Directly examining the data set is an important start, but typically, we can gain additional insights by summarizing the data. The methods used to summarize data depend on whether the variable is categorical or quantitative; therefore, each section is divided into a subsection for quantitative and categorical variables for the remainder of this note.
1.1.1. Data Lineage¶
Before analyzing the data, it is vital to understand how the data were generated and collected. Collectively, we call this information the lineage of the data. This is key for understanding how the data can be used, what limitations the data might have, and what methods of analysis are appropriate. Keeping track of a data set’s lineage is a collaborative effort between managers, data scientists, business analysts, etc., and requires good documentation and organization practices. Below we outline the “three Ws” of data collection.
Who or what do the data represent? Are the data representative of the population(s) we are interested in?
Where are the data stored? Are we following privacy best practices?
When were the data collected? Has something fundamental changed since the data were collected?
It is important for any data science team to know the answer to these questions before embarking on any analysis.
1.1.2. Missing Data¶
Most modern data sets are likely to have missing values. Good data practice requires that missing values are indicated in a unique way, such as with a symbol like NA
or a null entry. Using a numeric value such as -1 or 99 to indicate missing values can be dangerous and is not encouraged.

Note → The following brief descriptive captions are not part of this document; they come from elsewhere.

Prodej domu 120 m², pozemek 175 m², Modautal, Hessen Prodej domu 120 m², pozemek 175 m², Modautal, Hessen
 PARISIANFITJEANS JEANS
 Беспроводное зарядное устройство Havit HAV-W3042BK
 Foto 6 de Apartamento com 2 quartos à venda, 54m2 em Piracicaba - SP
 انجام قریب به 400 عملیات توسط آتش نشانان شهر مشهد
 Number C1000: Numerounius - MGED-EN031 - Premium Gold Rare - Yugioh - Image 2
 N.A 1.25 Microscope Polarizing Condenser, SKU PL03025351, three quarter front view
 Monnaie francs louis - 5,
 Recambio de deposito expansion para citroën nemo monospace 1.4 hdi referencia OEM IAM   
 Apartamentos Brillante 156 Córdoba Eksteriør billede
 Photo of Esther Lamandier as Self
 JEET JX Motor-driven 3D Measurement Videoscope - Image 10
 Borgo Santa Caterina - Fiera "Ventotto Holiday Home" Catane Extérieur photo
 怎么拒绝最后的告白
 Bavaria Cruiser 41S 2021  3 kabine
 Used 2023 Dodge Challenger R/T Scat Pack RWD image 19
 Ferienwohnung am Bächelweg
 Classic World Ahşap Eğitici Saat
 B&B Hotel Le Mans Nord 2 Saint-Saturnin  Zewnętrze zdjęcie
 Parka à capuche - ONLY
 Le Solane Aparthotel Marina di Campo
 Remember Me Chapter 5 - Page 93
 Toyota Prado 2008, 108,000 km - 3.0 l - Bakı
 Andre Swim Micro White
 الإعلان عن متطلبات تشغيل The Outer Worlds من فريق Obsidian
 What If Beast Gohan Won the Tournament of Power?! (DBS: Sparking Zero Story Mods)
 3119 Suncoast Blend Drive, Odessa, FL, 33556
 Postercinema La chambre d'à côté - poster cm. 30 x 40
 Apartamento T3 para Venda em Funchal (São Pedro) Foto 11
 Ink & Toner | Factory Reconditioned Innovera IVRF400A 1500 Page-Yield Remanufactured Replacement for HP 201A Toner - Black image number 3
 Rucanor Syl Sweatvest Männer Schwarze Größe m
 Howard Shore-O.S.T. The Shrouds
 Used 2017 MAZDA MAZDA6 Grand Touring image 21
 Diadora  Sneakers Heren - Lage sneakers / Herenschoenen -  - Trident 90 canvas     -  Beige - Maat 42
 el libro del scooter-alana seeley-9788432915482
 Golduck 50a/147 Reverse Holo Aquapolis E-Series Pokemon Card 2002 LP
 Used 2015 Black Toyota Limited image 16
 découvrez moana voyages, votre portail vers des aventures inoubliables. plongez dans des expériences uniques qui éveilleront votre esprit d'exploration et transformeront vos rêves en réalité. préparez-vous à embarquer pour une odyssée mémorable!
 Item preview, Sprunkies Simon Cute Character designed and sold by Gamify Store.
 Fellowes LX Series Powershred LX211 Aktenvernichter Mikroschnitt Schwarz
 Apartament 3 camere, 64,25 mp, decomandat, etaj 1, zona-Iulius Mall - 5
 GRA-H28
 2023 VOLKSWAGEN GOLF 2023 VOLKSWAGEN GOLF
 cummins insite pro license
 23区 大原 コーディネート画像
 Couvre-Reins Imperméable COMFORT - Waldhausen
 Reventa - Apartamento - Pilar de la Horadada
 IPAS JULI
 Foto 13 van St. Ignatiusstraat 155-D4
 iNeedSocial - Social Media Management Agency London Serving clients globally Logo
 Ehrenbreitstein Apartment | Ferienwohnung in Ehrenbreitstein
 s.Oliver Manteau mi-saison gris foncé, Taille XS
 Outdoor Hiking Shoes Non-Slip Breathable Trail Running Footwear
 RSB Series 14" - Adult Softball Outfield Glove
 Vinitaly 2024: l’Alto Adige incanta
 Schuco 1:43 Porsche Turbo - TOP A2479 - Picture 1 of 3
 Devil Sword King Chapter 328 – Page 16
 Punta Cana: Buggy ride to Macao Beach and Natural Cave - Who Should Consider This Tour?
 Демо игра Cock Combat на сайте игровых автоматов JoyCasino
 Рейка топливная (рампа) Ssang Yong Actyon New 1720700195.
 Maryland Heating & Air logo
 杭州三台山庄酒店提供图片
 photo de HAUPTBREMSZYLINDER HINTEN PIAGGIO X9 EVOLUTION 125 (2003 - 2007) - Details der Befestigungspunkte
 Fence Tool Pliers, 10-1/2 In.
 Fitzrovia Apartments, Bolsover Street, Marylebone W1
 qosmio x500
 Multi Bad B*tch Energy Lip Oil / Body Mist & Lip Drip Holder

To determine the best strategy for handling missing values, we need to understand how the missing values were created. Typically, this requires examining the pattern that the missing data forms. Data scientists and statisticians distinguish between data that are missing in some systematic way, compared to data that are missing completely at random (MCAR). If the data are MCAR, a complete case analysis (where rows with missing data are ignored) will produce valid results. On the other hand, if there are patterns in the missing data, we need to apply more advanced statistical techniques that are not covered in this course. An example of a pattern would be seeing that taller people failed to report their weight at a higher rate.